You are viewing a plain text version of this content. The canonical link for it is here.

Posted to dev@hive.apache.org by roryqi <ro...@apache.org> on 2023/07/11 12:47:43 UTC

Introduce Uniffle : A stability solution of Hive's shuffle

Dear Apache Hive community,


We are delighted to announce the support of Tez on Uniffle.  Uniffle havs
supported Apache Spark, Apache,Hadoop MapReduce and Apache Tez.

Uniffle is a remote shuffle service. In several situations, Uniffle will
provide great help.

   1. If you use AWS spot instances or mix resources, tasks may be
   preempted. It will be great if we store shuffle data in the Uniffle and we
   can deploy Uniffle on some stable resource. It will improve the stability
   of tasks. If tasks are preempted, we won’t recompute tasks if we store
   shuffle in the Uniffle.
   2. For large shuffle jobs, Uniffle can reduce random IO for the jobs.
   Uniffle can improve the performance of jobs. For 1TB MapReduce Terasort, 1w
   map tasks, 1w reduce tasks, job performance will increase 30%.

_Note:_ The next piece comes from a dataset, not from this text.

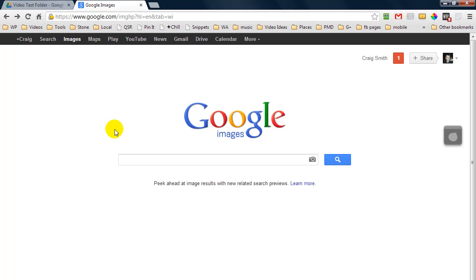I use Google Drive all the time, and if you don't use it, it's definitely something you should look into. To follow along, you will need a Google Drive account.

We also welcome pull requests and are eager to see how you might use
Uniffle to make Hive more user-friendly. More information, you can access
https://github.com/apache/incubator-uniffle


Best

Rory

Re: Introduce Uniffle : A stability solution of Hive's shuffle

Posted by Sungwoo Park <gl...@gmail.com>.

In addition to the two main benefits summarized by Rory, I would like to
add another benefit of using remote shuffle service:

3. If you run large jobs in public clouds, sometimes the amount of local
storage attached to your instances can be a limiting factor. By using
remote shuffle service, you can cut the usage of local storage by half
(because shuffle data is sent to remote shuffle service, rather than
written to local storage).

Although you still need local storage for the remaining half, using remote
shuffle service opens new possibilities of further reducing local storage
(e.g., directly reading from network rather than spilling to local disk).

Thanks,

--- Sungwoo

On Tue, Jul 11, 2023 at 9:48 PM roryqi <ro...@apache.org> wrote:

> Dear Apache Hive community,
>
>
> We are delighted to announce the support of Tez on Uniffle.  Uniffle havs
> supported Apache Spark, Apache,Hadoop MapReduce and Apache Tez.
>
> Uniffle is a remote shuffle service. In several situations, Uniffle will
> provide great help.
>
>    1. If you use AWS spot instances or mix resources, tasks may be
>    preempted. It will be great if we store shuffle data in the Uniffle and
> we
>    can deploy Uniffle on some stable resource. It will improve the
> stability
>    of tasks. If tasks are preempted, we won’t recompute tasks if we store
>    shuffle in the Uniffle.
>    2. For large shuffle jobs, Uniffle can reduce random IO for the jobs.
>    Uniffle can improve the performance of jobs. For 1TB MapReduce
> Terasort, 1w
>    map tasks, 1w reduce tasks, job performance will increase 30%.
>
> We also welcome pull requests and are eager to see how you might use
> Uniffle to make Hive more user-friendly. More information, you can access
> https://github.com/apache/incubator-uniffle
>
>
> Best
>
> Rory
>

Re: Introduce Uniffle : A stability solution of Hive's shuffle

Posted by He Qi <ro...@apache.org>.

Thanks, We're testing the Tez in production envrionment. 
The biggest issue is to add ability of recompute. 
You can see https://github.com/apache/incubator-uniffle/issues/1011

In the future, we want to make Hive won't rely on the disks. We can make Shuffle Server to sort the data and flush the data to HDFS. Reducer will merge the files on HDFS.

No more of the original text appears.